- Film poster by Reynold Brown
- Directed by: Harry Keller
- Screenplay by: R. Wright Campbell
- Story by: Ann Edwards R. Wright Campbell
- Produced by: Gordon Kay
- Starring: Fred MacMurray Dorothy Malone
- Cinematography: Carl E. Guthrie
- Edited by: Fred MacDowell
- Music by: Herman Stein
- Color process: Eastmancolor
- Production company: Universal International Pictures
- Distributed by: Universal Pictures
- Release date: September 6, 1957;
- Running time: 81 minutes
- Country: United States
- Language: English

= Quantez =

1957 film by Harry Keller

Quantez is a 1957 American CinemaScope Western film directed by Harry Keller and starring Fred MacMurray and Dorothy Malone.

==Plot==
Heller's (John Larch) gang of outlaws pull a robbery, kill a man and ride toward Mexico, fleeing a posse. To spend the night, they first head for the border town of Quantez, but are shocked to discover that it has become a ghost town, with no one else there.

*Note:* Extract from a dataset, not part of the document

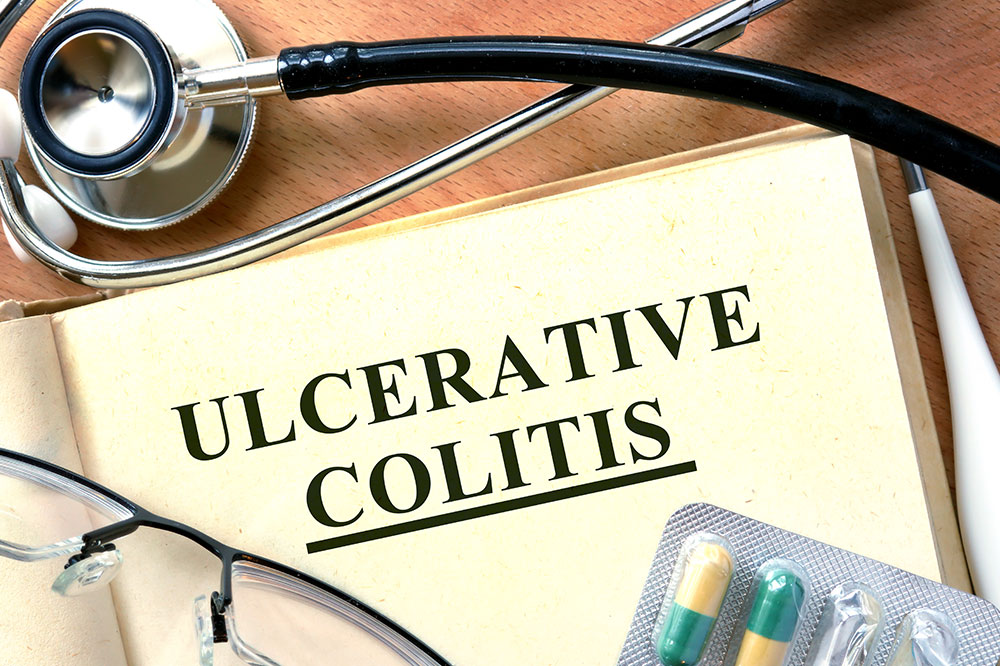 4 signs that indicate ulcerative colitis development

Gentry (Fred MacMurray), the gang's most experienced man, finds liquor in the saloon, while Teach (John Gavin), a younger gunslinger, becomes interested in Chaney (Dorothy Malone), who is Heller's woman but upset over the murder during the holdup. Gato, who was raised by Apaches, is infuriated by Heller's referring to him as "breed" and other slights.

Gato (Sydney Chaplin) discovers a warning from Apaches to anyone who comes to town. He seeks out Delgadito (Michael Ansara), the tribe's leader, and proposes they kill the whites and divide the loot. Heller, meantime, is trying to get his partners to do the same, kill the others so there's more money to split among who's left. Gentry and Teach both have feelings for Chaney, who wants to leave town as soon as possible. in the meantime Gato is killed by Delgalito after a betrayal.

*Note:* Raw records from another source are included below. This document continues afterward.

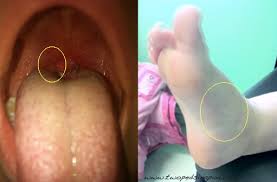 Image result for Hand foot and mouth disease HFMD roof of mouth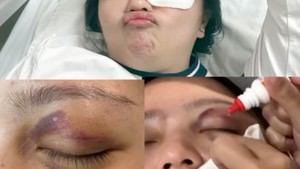 Salah satu sahabat Gritte Agatha terkena bola di bagian mata hingga harus dilarikan ke rumah sakit. Foto: Instagram/@gritteagathaa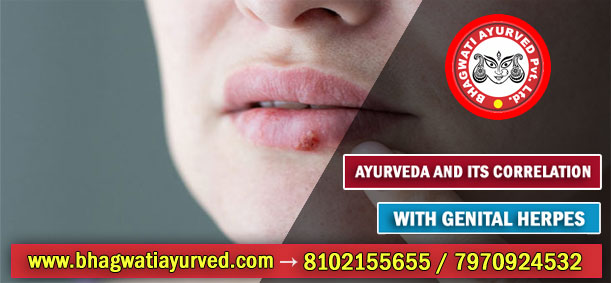 Ayurveda and Its Correlation with Genital Herpes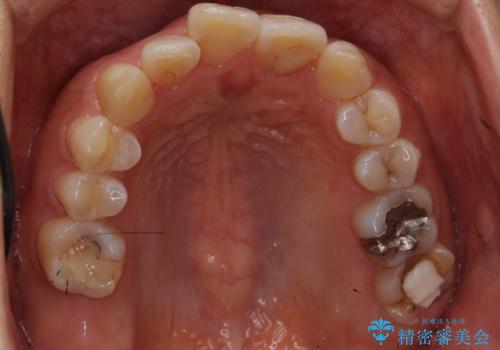 歯のがたつき　インビザラインで矯正の治療前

A wandering minstrel and artist comes to town, calling himself Puritan (James Barton), and while he paints Heller's portrait, he sings a song about John Coventry, a legendary outlaw in these parts. Puritan is suddenly astonished when he spots Gentry and realizes that he is Coventry. The veteran gunman explains that he is trying to put his violent life behind him for good. After Puritan paints a picture of Chaney Gentry helps him escape. this incites Heller who had planned on killing him for his horse.

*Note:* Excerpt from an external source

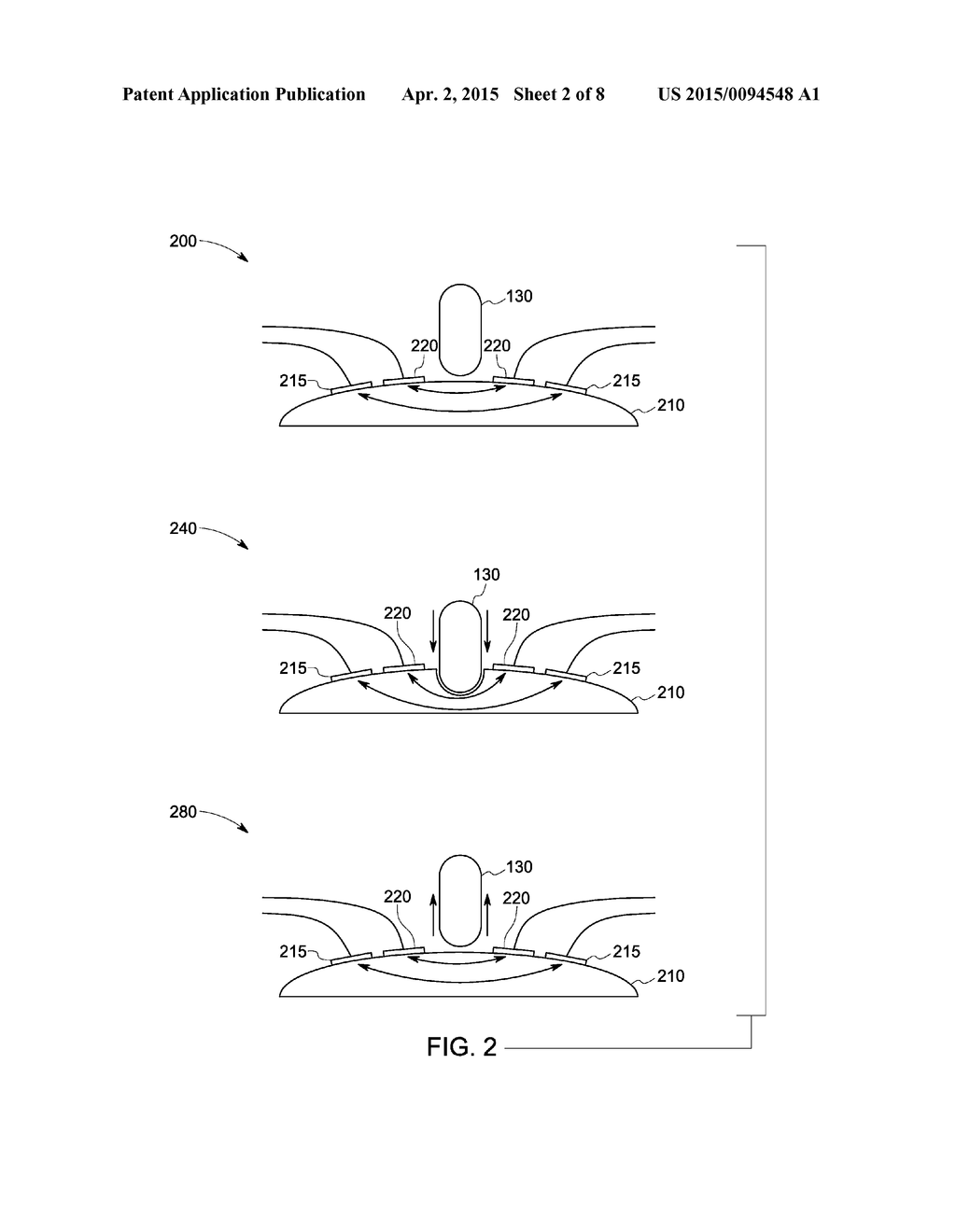 SYSTEM AND METHOD FOR DETERMINING A HYDRATION LEVEL OF A TISSUE REGION - diagram, schematic, and image 03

As the remaining group preparede to leave Quantez, Heller is killed by an Apache arrow. Gentry, Chaney and Leach run from the attacking Apaches and with arrows raining down, Gentry sacrifices himself, providing cover while Chaney and Teach make their getaway.

==Cast==
- Fred MacMurray as Gentry / John Coventry
- Dorothy Malone as Chaney
- John Larch as Heller
- John Gavin as Teach
- James Barton as Puritan
- Michael Ansara as Delgadito
- Sydney Chaplin as Gato

==Reaction==
The New York Times said the film "could hardly be duller".